Report all lines of the records that contain "each".

● Exercise data:
● ● ●

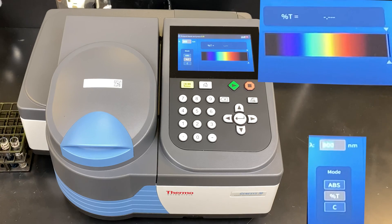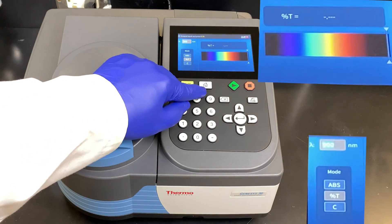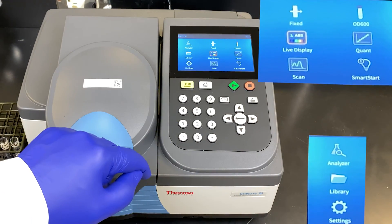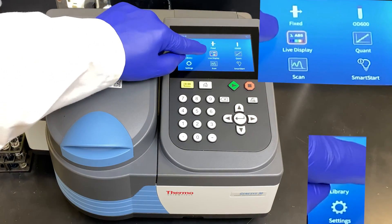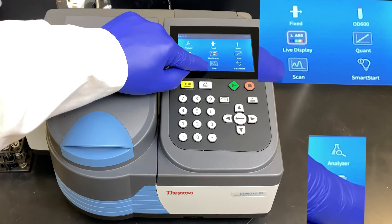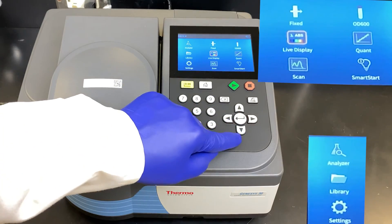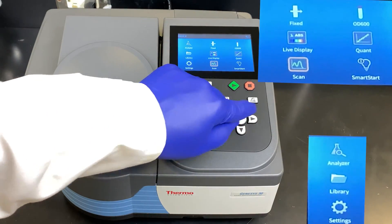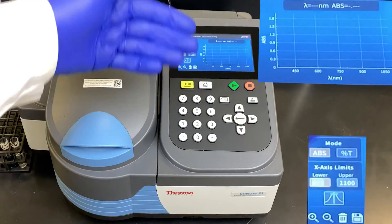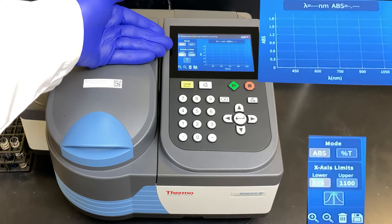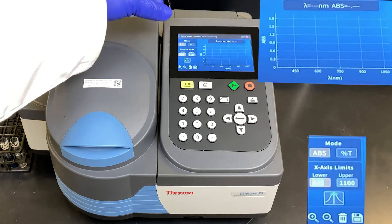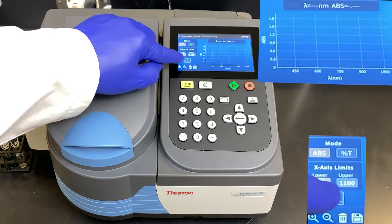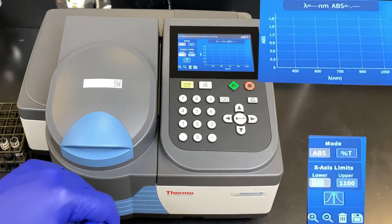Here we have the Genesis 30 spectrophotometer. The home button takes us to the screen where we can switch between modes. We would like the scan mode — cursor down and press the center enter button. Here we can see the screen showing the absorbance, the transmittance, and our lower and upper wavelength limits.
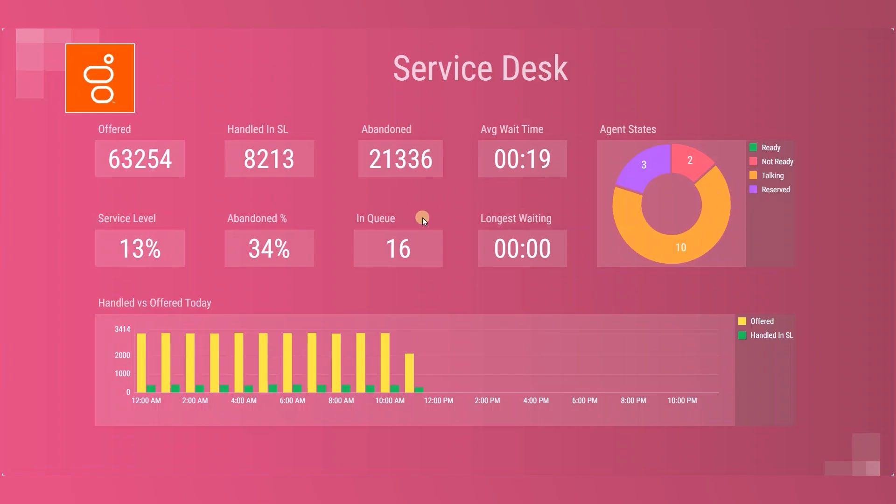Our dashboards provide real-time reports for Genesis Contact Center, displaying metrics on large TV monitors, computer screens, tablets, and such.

● ● ●

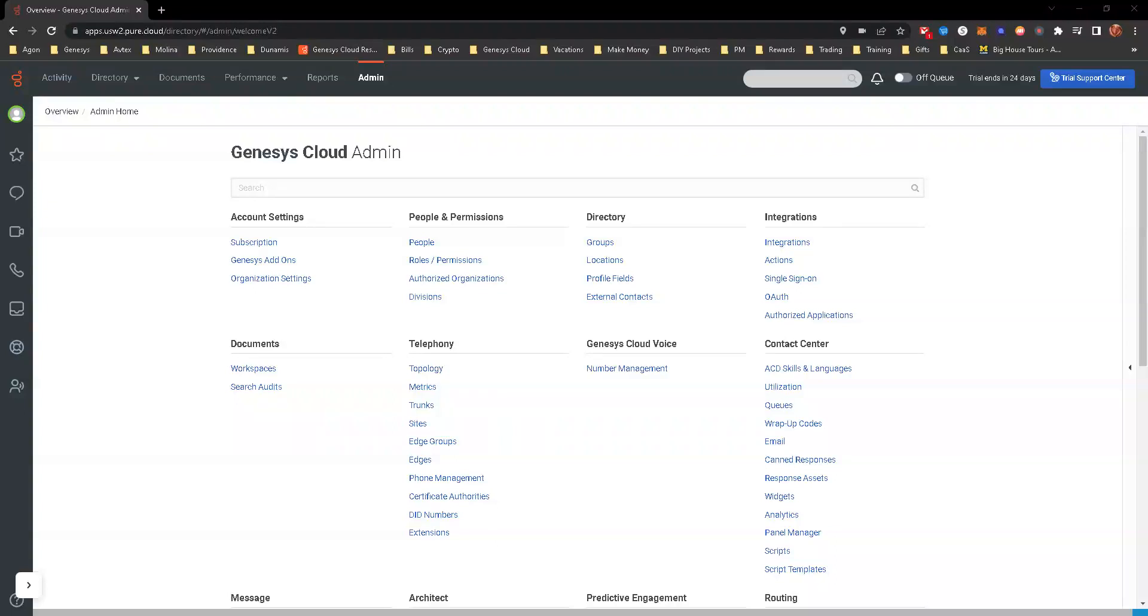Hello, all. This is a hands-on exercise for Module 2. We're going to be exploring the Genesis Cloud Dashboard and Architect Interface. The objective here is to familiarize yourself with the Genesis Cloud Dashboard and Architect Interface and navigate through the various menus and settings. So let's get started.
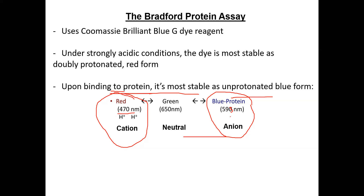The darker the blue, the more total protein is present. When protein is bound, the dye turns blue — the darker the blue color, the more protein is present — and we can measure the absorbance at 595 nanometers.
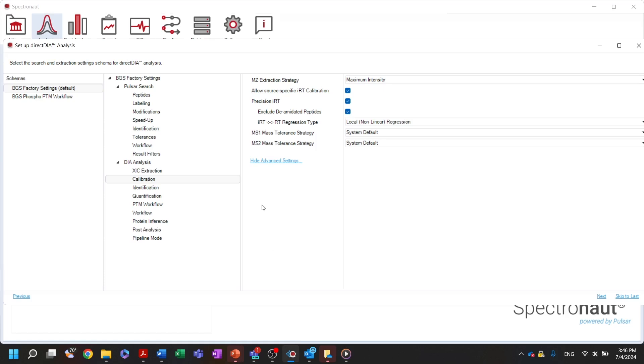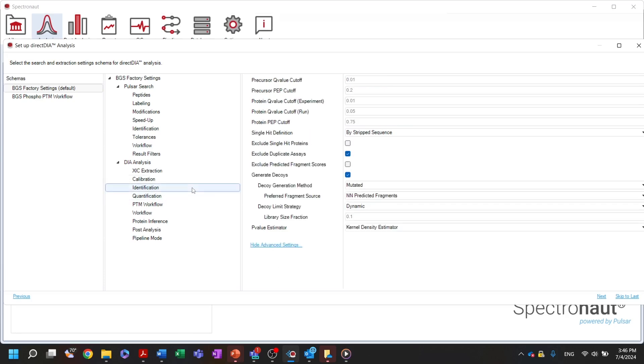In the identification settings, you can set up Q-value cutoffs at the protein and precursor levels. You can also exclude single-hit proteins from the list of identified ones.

● ● ●

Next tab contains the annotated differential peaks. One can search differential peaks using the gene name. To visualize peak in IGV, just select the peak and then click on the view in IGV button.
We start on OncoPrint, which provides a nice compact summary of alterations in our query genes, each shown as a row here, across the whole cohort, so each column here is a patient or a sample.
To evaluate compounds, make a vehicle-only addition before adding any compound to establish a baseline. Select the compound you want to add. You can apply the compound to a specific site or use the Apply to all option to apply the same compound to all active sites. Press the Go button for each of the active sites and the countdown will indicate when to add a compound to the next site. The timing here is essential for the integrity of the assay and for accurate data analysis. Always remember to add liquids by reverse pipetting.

● ● ●

● Written answer:
We start on OncoPrint, which provides a nice compact summary of alterations in our query genes, each shown as a row here, across the whole cohort, so each column here is a patient or a sample.
To evaluate compounds, make a vehicle-only addition before adding any compound to establish a baseline. Select the compound you want to add. You can apply the compound to a specific site or use the Apply to all option to apply the same compound to all active sites. Press the Go button for each of the active sites and the countdown will indicate when to add a compound to the next site. The timing here is essential for the integrity of the assay and for accurate data analysis. Always remember to add liquids by reverse pipetting.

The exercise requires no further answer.